◆ **Task objective**
Could you return each entry below exactly as written, minus any pictures?

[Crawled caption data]

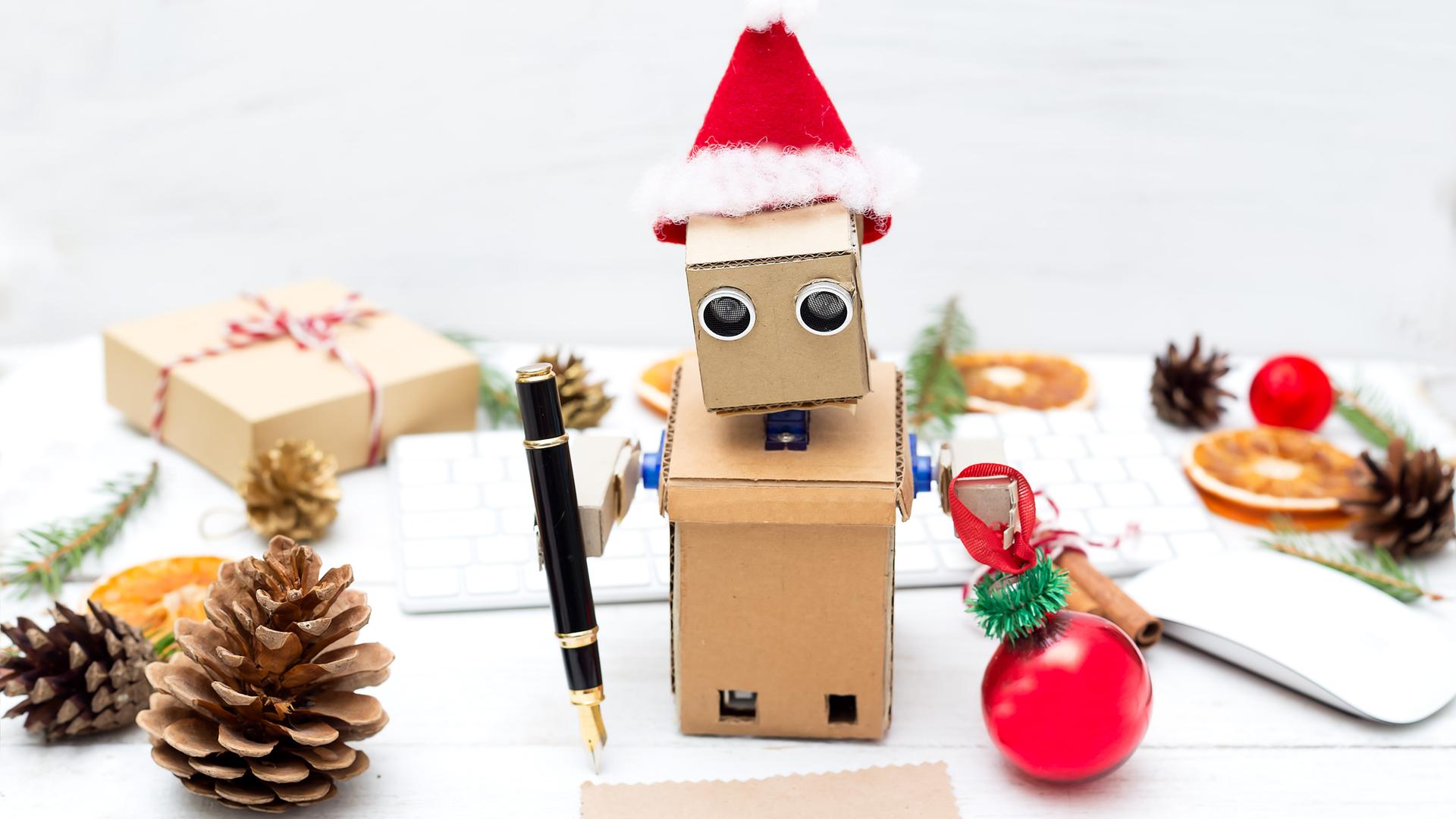 Ein aus Pappe gebastelter Roboter mit Weihnachtsmannmütze schreibt mit einem Füller auf ein Stückchen Papier. 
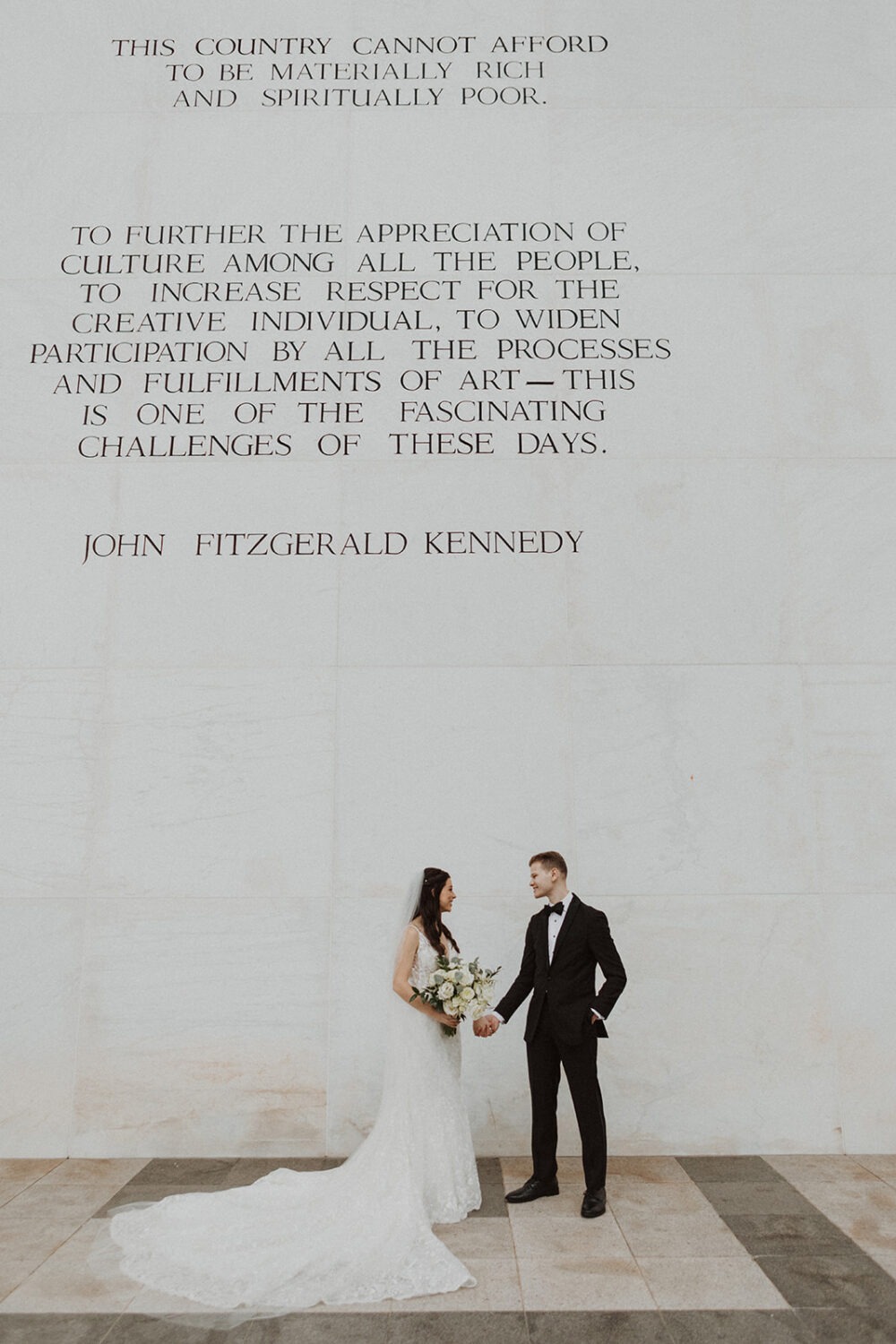 couple poses at Kennedy Center DC outdoor elopement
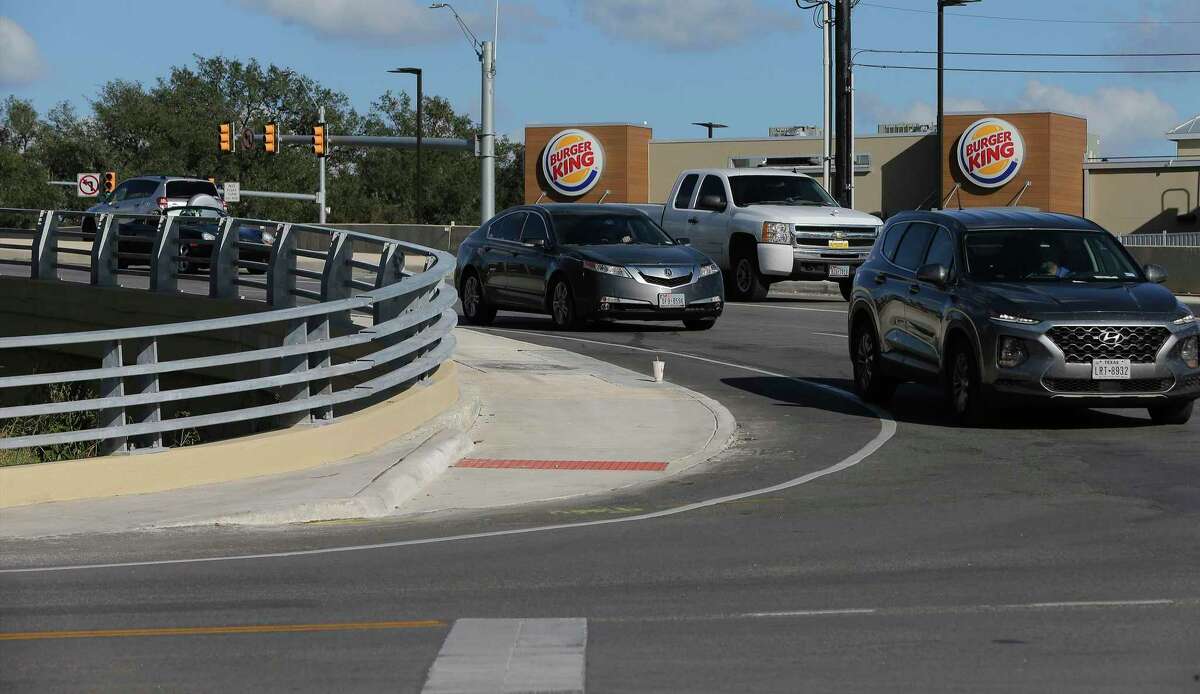 Motorists make their way around the intersection of FM 1560 and and Riggs Road in Helotes on Wednesday, Oct. 21, 2020. Concerned Helotes residents, COPS/METRO and elected officials worked together and persuaded the Texas Department of Transportation to remove a cement wall that created a dangerous intersection and have landscaped the area making it safer and better-looking.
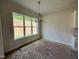 Dining room with large windows with natural light and mountain views at 6044 Scalybark Road, Durham, NC 27712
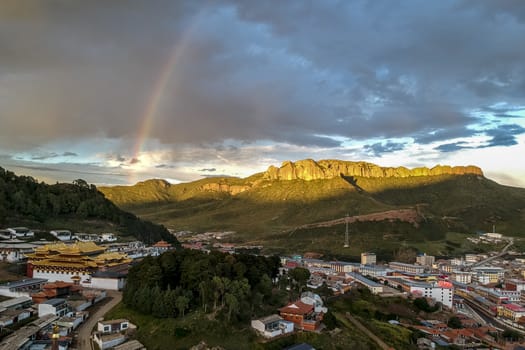 The bird-view of  Langmu Temple with rainbow and Red Cliff in the Zoige County,Sichuan Province,and Luqu County,Gannan Tibetan Prefecture,Gansu Province.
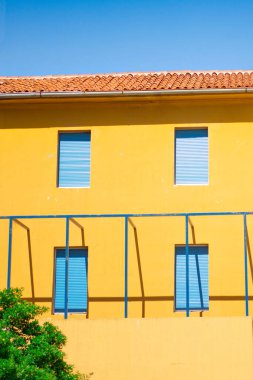 Mavi gökyüzüne karşı fayanslı çatılı sarı binanın ön cephesi.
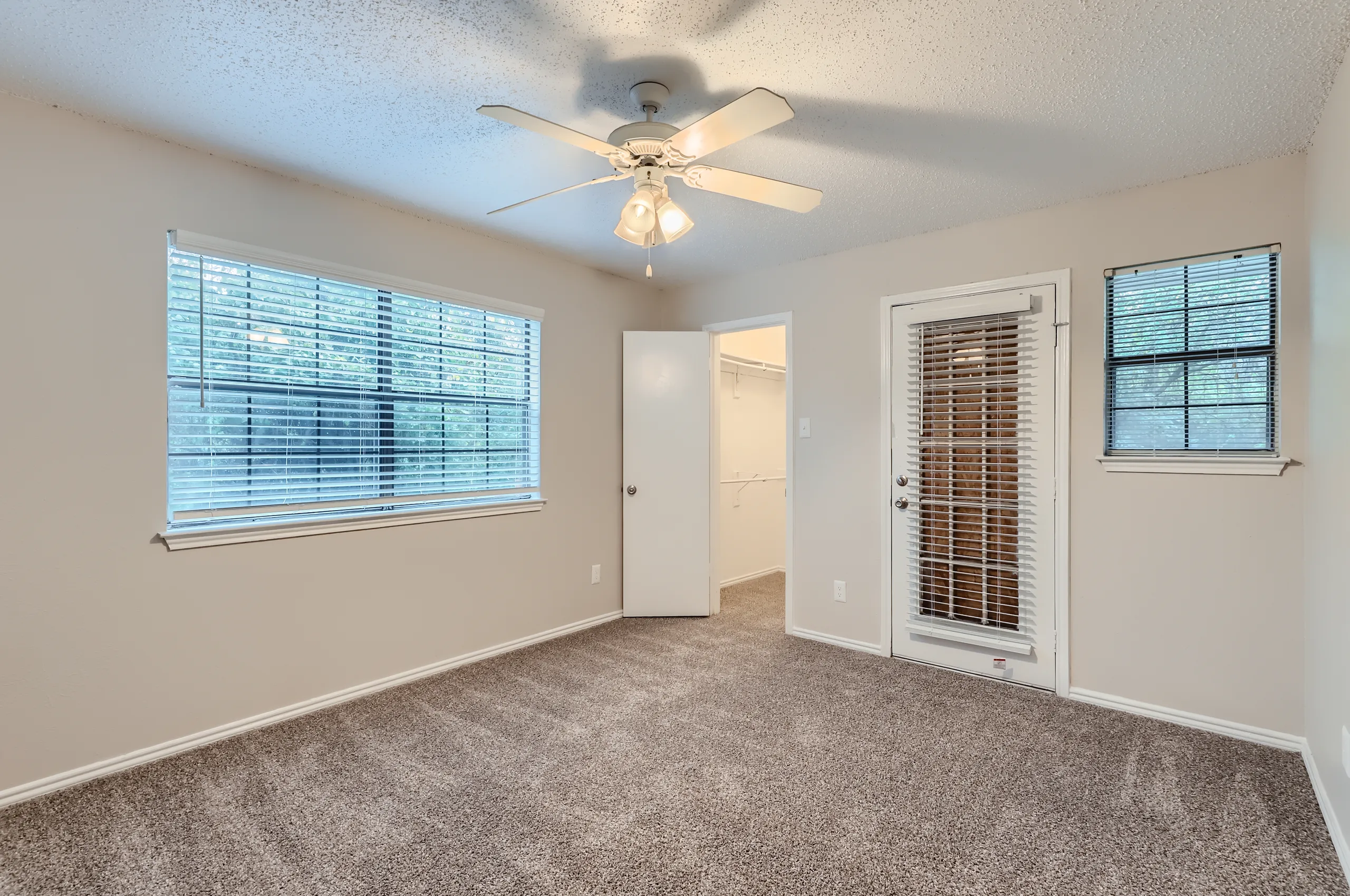 Bedroom with walk-in closet and private patio door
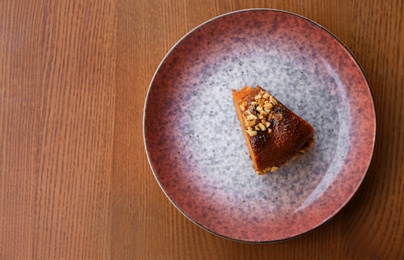 Photo of Plate with slice of carrot cake on wooden table, top view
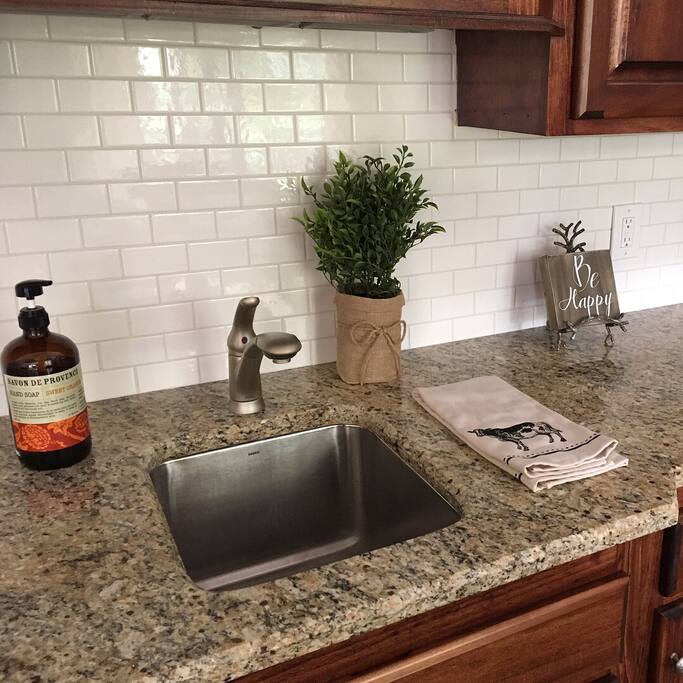 Kitchen includes a mini fridge, sink, keurig, cups, snacks..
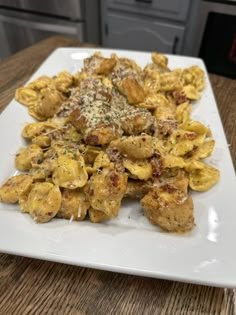 a white plate topped with pasta covered in sauce and cheese on top of a wooden table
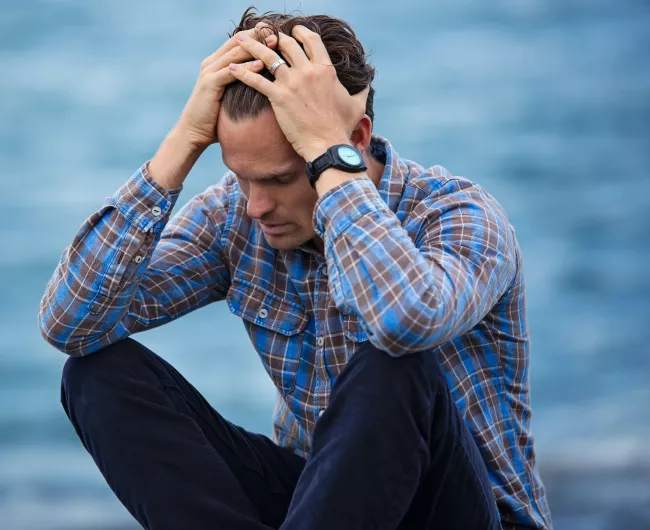 man stressing by water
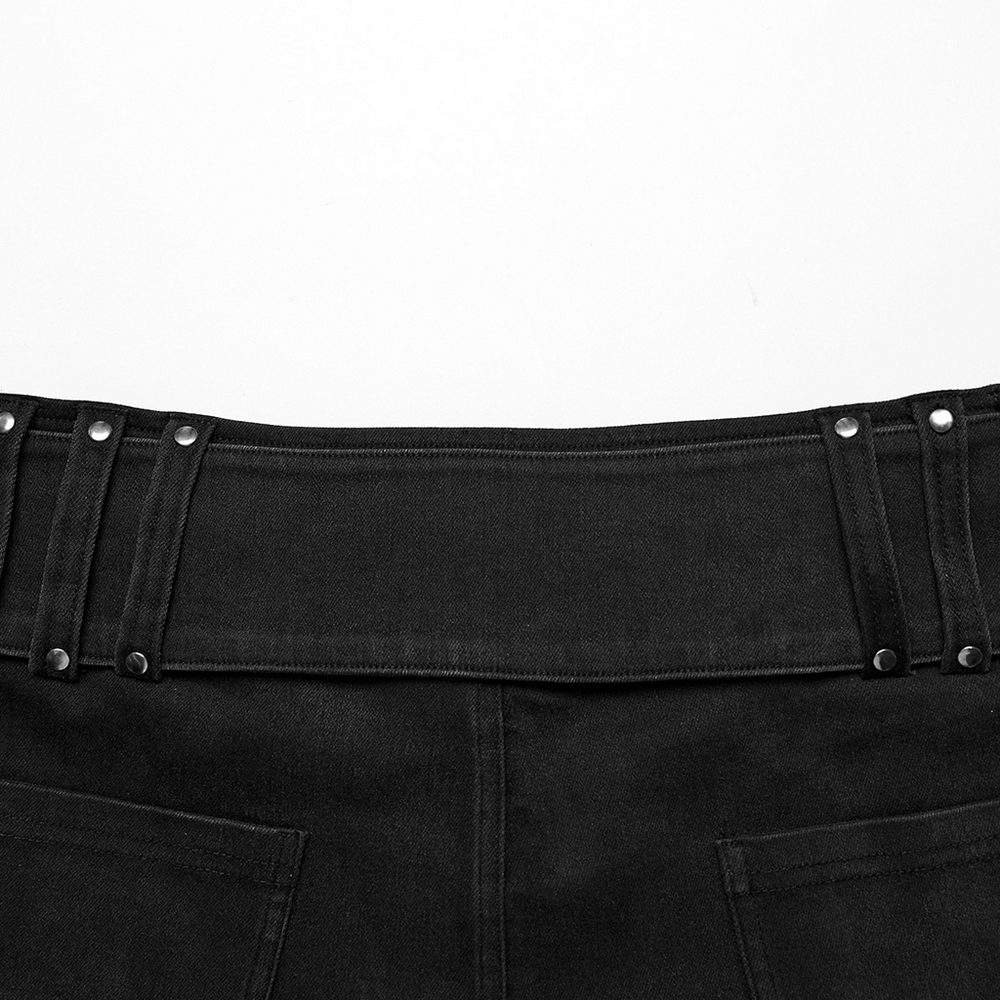 Close-up of edgy black denim shorts waist with adjustable metal buckle and unique belt design.
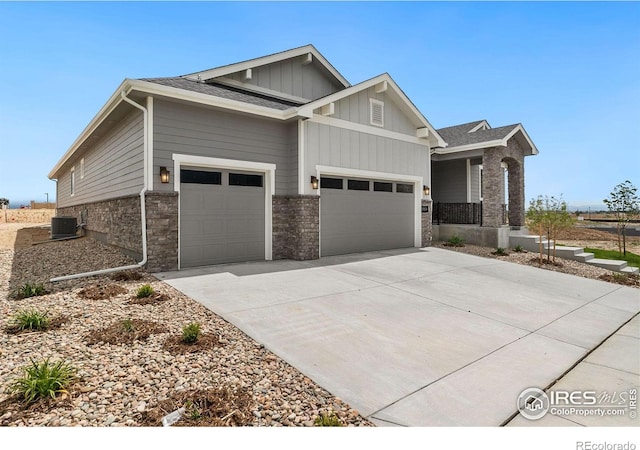 view of front of home featuring a garage and cooling unit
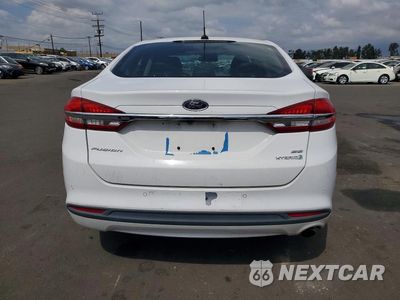Zdjęcie 6 z 12 samochodu: 2018 FORD FUSION SE HYBRID VIN:3FA6P0LU0JR172105 - miniatura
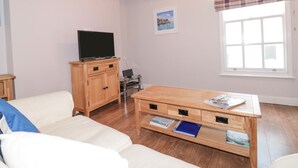 Un salon comprenant un canapé, une table basse en bois, un téléviseur posé sur un meuble, une fenêtre avec un rideau à carreaux et un tableau accroché au mur.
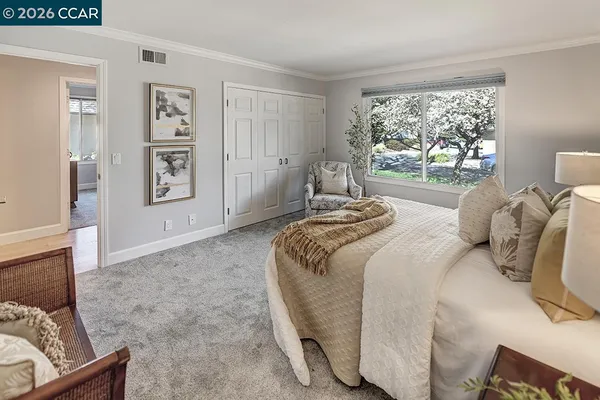 a bedroom with a bed and a window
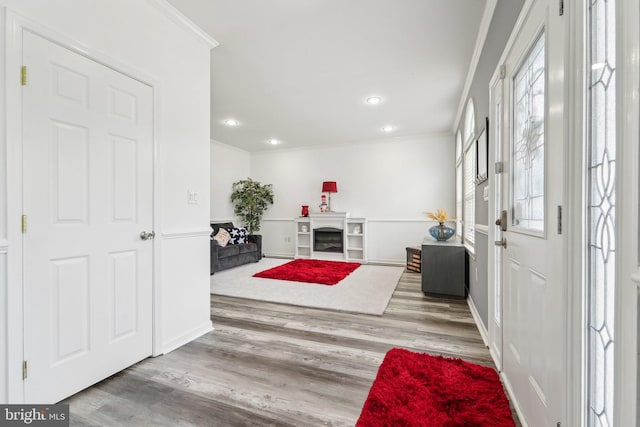 806 209th St, Pasadena, MD 21122 - foyer entrance with ornamental molding, wood finished floors, recessed lighting, and baseboards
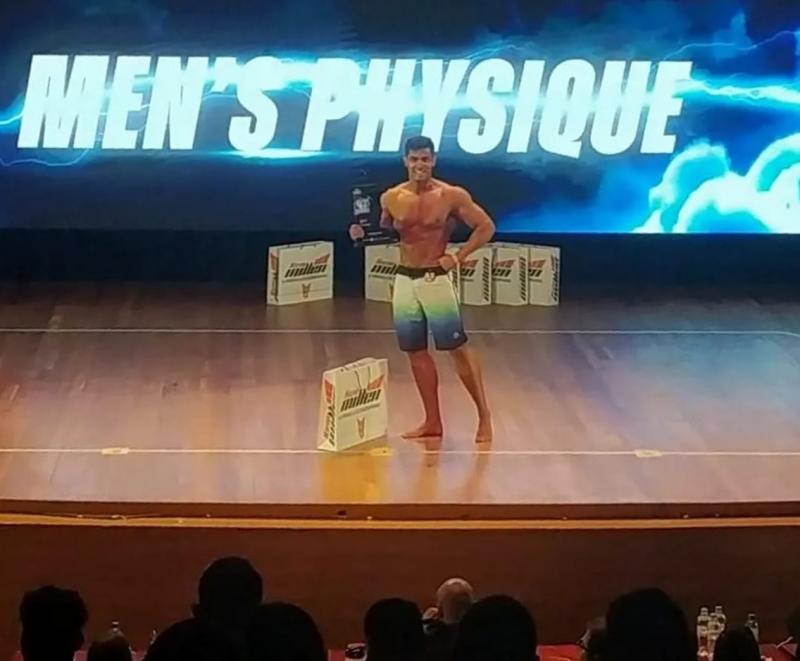 No palco, após receber o troféu de campeão, na categoria Mens Physique Junior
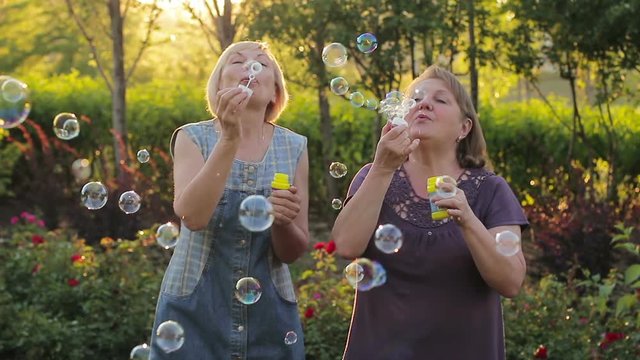 Two elderly women blowing bubbles. Elderly female friends having fun in the park together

◆ **Solution below**
 Ein aus Pappe gebastelter Roboter mit Weihnachtsmannmütze schreibt mit einem Füller auf ein Stückchen Papier. 
 couple poses at Kennedy Center DC outdoor elopement
 Motorists make their way around the intersection of FM 1560 and and Riggs Road in Helotes on Wednesday, Oct. 21, 2020. Concerned Helotes residents, COPS/METRO and elected officials worked together and persuaded the Texas Department of Transportation to remove a cement wall that created a dangerous intersection and have landscaped the area making it safer and better-looking.
 Dining room with large windows with natural light and mountain views at 6044 Scalybark Road, Durham, NC 27712
 The bird-view of  Langmu Temple with rainbow and Red Cliff in the Zoige County,Sichuan Province,and Luqu County,Gannan Tibetan Prefecture,Gansu Province.
 Mavi gökyüzüne karşı fayanslı çatılı sarı binanın ön cephesi.
 Bedroom with walk-in closet and private patio door
 Photo of Plate with slice of carrot cake on wooden table, top view
 Kitchen includes a mini fridge, sink, keurig, cups, snacks..
 a white plate topped with pasta covered in sauce and cheese on top of a wooden table
 man stressing by water
 Close-up of edgy black denim shorts waist with adjustable metal buckle and unique belt design.
 view of front of home featuring a garage and cooling unit
Zdjęcie 6 z 12 samochodu: 2018 FORD FUSION SE HYBRID VIN:3FA6P0LU0JR172105 - miniatura
 Un salon comprenant un canapé, une table basse en bois, un téléviseur posé sur un meuble, une fenêtre avec un rideau à carreaux et un tableau accroché au mur.
 a bedroom with a bed and a window
 806 209th St, Pasadena, MD 21122 - foyer entrance with ornamental molding, wood finished floors, recessed lighting, and baseboards
 No palco, após receber o troféu de campeão, na categoria Mens Physique Junior
 Two elderly women blowing bubbles. Elderly female friends having fun in the park together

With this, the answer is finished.